Dava dilekçesinde, Dündar’ın köşe yazısında, “İstanbul da Sabiha Gökçen Havalimanı’na 2. pist inşa edileceği, ihale bedelinin 2 milyar doları bulacağı, pistin ihalesini ön yeterlilik belgesi sunan 20 firmadan birinin üstleneceği ve bu anlamda çok yakında ihaleye çıkılacağı, bazı ses kayıtlarına dayanılarak Cengiz İnşaat’ın sahibi Mehmet Cengiz’in bu ihale için yüzde 10 verdiği, bu sebeple bahsi geçen kişinin 14 Kasım 2013 günü eski Ulaştırma, Denizcilik ve Haberleşme Bakanı Binali Yıldırım’la İstanbul’daki Kıyı Emniyeti Sosyal Tesisler’inde buluştuğu ve 23.00’e kadar pist ihalesini konuştukları ve yüzde 10 vererek ihalenin halledildiği” iddialarına yer verildiği kaydedildi.
Söz konusu yayınların, “Yıldırım’ı karalamaya yönelik, toplumun gözünde önyargılı ve yanlış bir algı oluşturma gayreti taşıyan, eleştirel niteliği bulunmayan, ciddiyetten uzak ve asparagas nitelikte” aktarılan dilekçede, şu ifadelere yer verildi:
“Davacı sayın müvekkil Binali Yıldırım, eski Ulaştırma, Denizcilik ve Haberleşme Bakanı’dır.
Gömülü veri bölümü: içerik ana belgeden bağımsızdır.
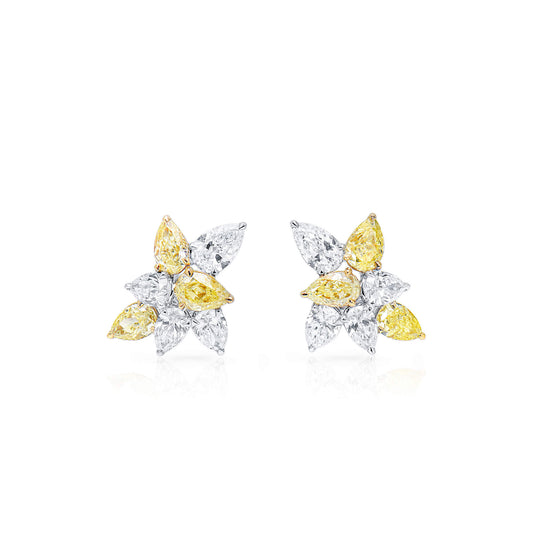 Natural Yellow & White Diamond Cluster Earrings, 18K White Gold, 4.0 Ct. TW, Pear shape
Yayınlarda, bu tür asılsız isnat ve karalamalar ile davacı müvekkilin siyasi başarısı gölgelenmeye ve engellenmeye çalışılmıştır. Bir bakan ve siyasetçi olarak davacı müvekkil, sanki rüşvet almak, menfaat temin etmek, yolsuzluk yapmak ve adam kayırmak yollarıyla kamu ihalelerinin belli gruplara kazandırılmış gibi gösterilerek ve kamu vicdanında rüşvet alan, menfaat temin eden, yolsuzluk yapan ve adam kayıran kişi konumuna sokulup mahkum edilmeye çalışılmıştır. Oysaki sayın müvvekilin bahsi geçen kişi ve kurumlar ile yalan haberde belirtildiği şekilde bir ilişkisi bulunmamakta olup, davacı müvekkile hakaret edilmiş, iftira atılmış, kişilik hakları ihlal edilmiştir.”
“Ses kayıtlarının gerçeklikle ilgisi yok”
Köşe yazısında iddiaların ses kayıtlarından yola çıkılarak yöneltildiği kaydedilen dilekçede, “Söz konusu haber her ne kadar bir takım ses kayıtlarına dayanılarak yapılmış olsa da, bu ses kayıtlarının gerçeklikle ilgisi yoktur. Hukuki düzenlemeleri gözeterek haber yapan bir gazeteciden beklenmesi gereken öncelikle bir takım duyumların gerçekliğini araştırmaktır. Oysa ki dava konusu yapılan bu haberi yapan yayıncı kuruluş ve yazar hiçbir hukuki düzenlemeleri gözönünde bulundurmadan meslek etiğini hiçe sayarak yalan haber yapılmıştır” denildi.
Dava, İstanbul Anadolu Adliyesi 23. Asliye Hukuk Mahkemesi’nde görülecek.